=== Begin Enclosure ===

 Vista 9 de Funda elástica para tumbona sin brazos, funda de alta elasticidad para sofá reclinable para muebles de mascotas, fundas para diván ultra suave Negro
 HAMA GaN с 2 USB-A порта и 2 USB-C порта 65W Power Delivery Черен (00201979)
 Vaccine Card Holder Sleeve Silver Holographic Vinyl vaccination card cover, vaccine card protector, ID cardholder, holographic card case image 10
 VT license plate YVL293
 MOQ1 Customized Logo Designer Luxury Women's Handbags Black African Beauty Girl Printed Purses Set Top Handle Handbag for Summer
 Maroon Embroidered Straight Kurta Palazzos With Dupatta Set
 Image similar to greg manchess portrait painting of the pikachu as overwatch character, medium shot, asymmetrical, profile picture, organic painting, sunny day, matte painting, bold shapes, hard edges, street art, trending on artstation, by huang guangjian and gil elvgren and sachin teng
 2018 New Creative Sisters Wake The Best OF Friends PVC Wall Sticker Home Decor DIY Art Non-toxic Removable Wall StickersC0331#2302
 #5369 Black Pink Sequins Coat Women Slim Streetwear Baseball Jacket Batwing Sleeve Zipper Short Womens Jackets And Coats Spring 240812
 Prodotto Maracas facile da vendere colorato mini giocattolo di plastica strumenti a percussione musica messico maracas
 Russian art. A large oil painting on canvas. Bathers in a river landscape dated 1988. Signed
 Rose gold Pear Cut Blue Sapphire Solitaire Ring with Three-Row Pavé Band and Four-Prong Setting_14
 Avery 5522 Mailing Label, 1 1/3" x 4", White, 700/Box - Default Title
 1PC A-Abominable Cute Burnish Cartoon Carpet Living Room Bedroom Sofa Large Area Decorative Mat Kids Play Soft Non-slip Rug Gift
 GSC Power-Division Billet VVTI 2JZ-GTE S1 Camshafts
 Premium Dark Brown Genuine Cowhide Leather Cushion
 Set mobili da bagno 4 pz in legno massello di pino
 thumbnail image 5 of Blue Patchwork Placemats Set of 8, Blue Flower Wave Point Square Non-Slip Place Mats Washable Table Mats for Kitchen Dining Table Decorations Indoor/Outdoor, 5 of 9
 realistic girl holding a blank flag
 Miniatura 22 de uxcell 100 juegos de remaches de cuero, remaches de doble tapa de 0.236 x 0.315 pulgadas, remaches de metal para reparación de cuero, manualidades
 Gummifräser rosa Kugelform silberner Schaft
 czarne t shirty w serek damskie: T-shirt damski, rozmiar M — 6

=== End Enclosure ===

Work task: Word for word, set down every line of the material above.

Response area:
 Vista 9 de Funda elástica para tumbona sin brazos, funda de alta elasticidad para sofá reclinable para muebles de mascotas, fundas para diván ultra suave Negro
 HAMA GaN с 2 USB-A порта и 2 USB-C порта 65W Power Delivery Черен (00201979)
 Vaccine Card Holder Sleeve Silver Holographic Vinyl vaccination card cover, vaccine card protector, ID cardholder, holographic card case image 10
 VT license plate YVL293
 MOQ1 Customized Logo Designer Luxury Women's Handbags Black African Beauty Girl Printed Purses Set Top Handle Handbag for Summer
 Maroon Embroidered Straight Kurta Palazzos With Dupatta Set
 Image similar to greg manchess portrait painting of the pikachu as overwatch character, medium shot, asymmetrical, profile picture, organic painting, sunny day, matte painting, bold shapes, hard edges, street art, trending on artstation, by huang guangjian and gil elvgren and sachin teng
 2018 New Creative Sisters Wake The Best OF Friends PVC Wall Sticker Home Decor DIY Art Non-toxic Removable Wall StickersC0331#2302
 #5369 Black Pink Sequins Coat Women Slim Streetwear Baseball Jacket Batwing Sleeve Zipper Short Womens Jackets And Coats Spring 240812
 Prodotto Maracas facile da vendere colorato mini giocattolo di plastica strumenti a percussione musica messico maracas
 Russian art. A large oil painting on canvas. Bathers in a river landscape dated 1988. Signed
 Rose gold Pear Cut Blue Sapphire Solitaire Ring with Three-Row Pavé Band and Four-Prong Setting_14
 Avery 5522 Mailing Label, 1 1/3" x 4", White, 700/Box - Default Title
 1PC A-Abominable Cute Burnish Cartoon Carpet Living Room Bedroom Sofa Large Area Decorative Mat Kids Play Soft Non-slip Rug Gift
 GSC Power-Division Billet VVTI 2JZ-GTE S1 Camshafts
 Premium Dark Brown Genuine Cowhide Leather Cushion
 Set mobili da bagno 4 pz in legno massello di pino
 thumbnail image 5 of Blue Patchwork Placemats Set of 8, Blue Flower Wave Point Square Non-Slip Place Mats Washable Table Mats for Kitchen Dining Table Decorations Indoor/Outdoor, 5 of 9
 realistic girl holding a blank flag
 Miniatura 22 de uxcell 100 juegos de remaches de cuero, remaches de doble tapa de 0.236 x 0.315 pulgadas, remaches de metal para reparación de cuero, manualidades
 Gummifräser rosa Kugelform silberner Schaft
 czarne t shirty w serek damskie: T-shirt damski, rozmiar M — 6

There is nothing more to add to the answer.